Le premier est le niveau EP1, qui rassemble ces 249 « réseaux ambition réussite ». Le deuxième comprend les établissements prioritaires, dits EP2, qui réunissent tous les établissements qui accueillent des élèves vivant dans les conditions sociales les plus difficiles. Le ministre a annoncé un troisième secteur, ce qu’il convient d’appeler le niveau EP3, qui comprend les établissements accueillant des élèves qui, aujourd’hui, ne relèvent plus des populations les plus défavorisées. Il ne faut pas oublier, comme cela a été rappelé par les recteurs Saint-Girons et Boissinot, que l’éducation prioritaire a aujourd’hui plus de vingt-cinq ans. Or, en vingt-cinq ans, la sociologie urbaine a profondément changé et des secteurs géographiques ont vu des mouvements importants de population, de telle sorte que des collèges classés aujourd’hui en zones d’éducation prioritaire accueillent des élèves de milieux plutôt favorisés.

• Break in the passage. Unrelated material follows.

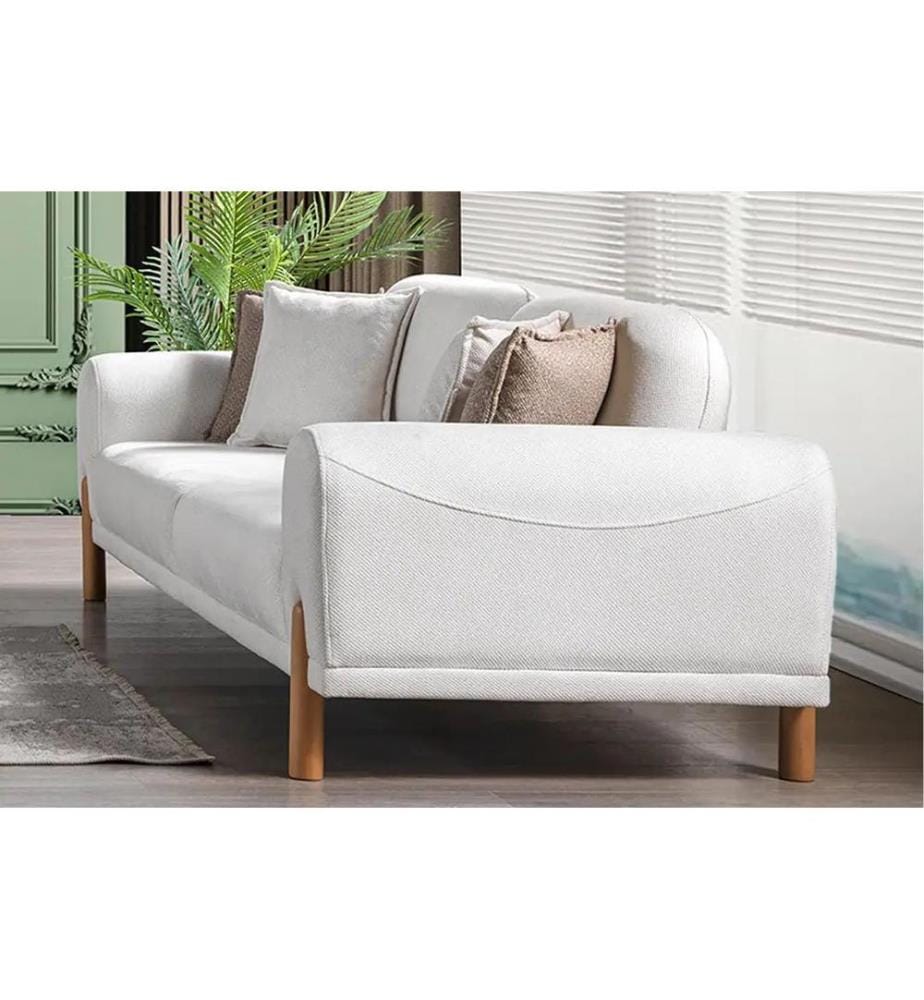 Creme, Gestell: 70 % HORNBEAM / 30 % MELAMINBESCHICHTETE SPANPLATTE, 3-Sitzer-Schlafsofa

Mais la priorité sous-jacente est bien d’accorder l’essentiel aux apprentissages fondamentaux. A cet égard, le ministre a rappelé que le premier objectif de l’éducation prioritaire doit être d’ordre didactique et pédagogique, c’est-à-dire qu’il doit apporter les réponses scolaires que les élèves sont en droit d’attendre car nous considérons que ces élèves ont vocation à réussir comme tous les élèves de France. Pour ce faire, le ministre fixe des objectifs extrêmement simples : la maîtrise des apprentissages fondamentaux. Tout élève sortant de CP dans les « réseaux ambition réussite » et en éducation prioritaire doit maîtriser la lecture et, s’il ne le fait pas, une évaluation est conduite en CE1 et des moyens sont accordés pour répondre aux difficultés constatées.

Enfin, tous les élèves de l’éducation prioritaire qui, dans la mesure du possible, doivent conduire leur parcours scolaire sans redoubler, devront maîtriser le socle commun des connaissances et des compétences. Cette réforme pédagogique s’appuie sur la volonté de renforcer la continuité école/collège, d’où les « réseaux ambition réussite » tels qu’ils ont été définis et sur lesquels je ne reviendrai pas puisque les recteurs Saint-Girons et Boissinot les ont clairement définis.

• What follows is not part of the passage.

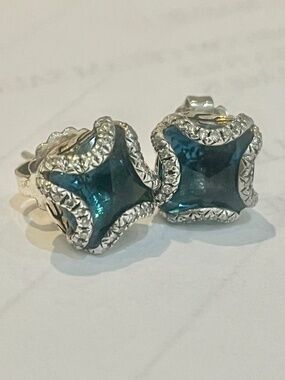 John Hardy London Blue Topaz & Diamond Stud Earring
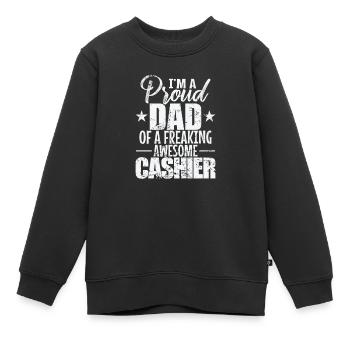 I'm a proud Dad of a freaking awesome Cashier - Kids Premium Organic Sweatshirt - black - Front - AI Model Kid Female (0cm)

En conclusion, le ministre a souhaité effectivement relancer toute l’éducation prioritaire en recentrant le travail sur les apprentissages fondamentaux, mais il a voulu donner un modèle à cette relance : les « réseaux ambition réussite », dont les modalités peuvent se définir de la façon suivante :

 acquérir et maîtriser les savoirs fondamentaux dès l’école primaire,

 créer les conditions d’un environnement de réussite, c’est-à-dire réduire les inégalités après la classe (on citera à cet égard l’école ouverte, les internats de réussite éducative ou la charte de l’égalité des chances qui verra plus de 100 000 étudiants accompagner 100 000 élèves des écoles et collèges « ambition réussite ») ;

 réduire la fracture culturelle ;

 améliorer le projet d’orientation.

L’objectif que se fixe le ministre est de concentrer les efforts là où la difficulté est la plus grande et, pour bien montrer cette volonté, il a décidé, dès la rentrée prochaine, de mettre à disposition des « réseaux ambition réussite » milles enseignants supplémentaires et 3 000 assistants pédagogiques. Ces moyens sont mis à disposition des réseaux, grâce à l’intervention des recteurs, dans le cadre d’une politique contractuelle.

Sous l’autorité des recteurs, les responsables des « réseaux ambition réussite » ont défini un projet qui a permis d’ouvrir les postes nécessaires pour répondre aux difficultés des élèves. Les postes seront affectés sur ces établissements et écoles dans le cadre d’un profil strictement défini et, bien entendu, les administrations académiques s’engagent à conduire une évaluation pour que, chaque année, on puisse percevoir les bénéfices retenus par les élèves.

Il s’agit donc d’un accompagnement, d’une évaluation et d’une remédiation adaptée. Pour bien montrer la volonté du ministre de conduire cette politique, chaque « réseau ambition réussite » sera accompagné par un inspecteur général qui aura vocation à apprécier l’efficacité du dispositif. Il a donc bien la volonté de concentrer les efforts sur les publics les plus en difficulté.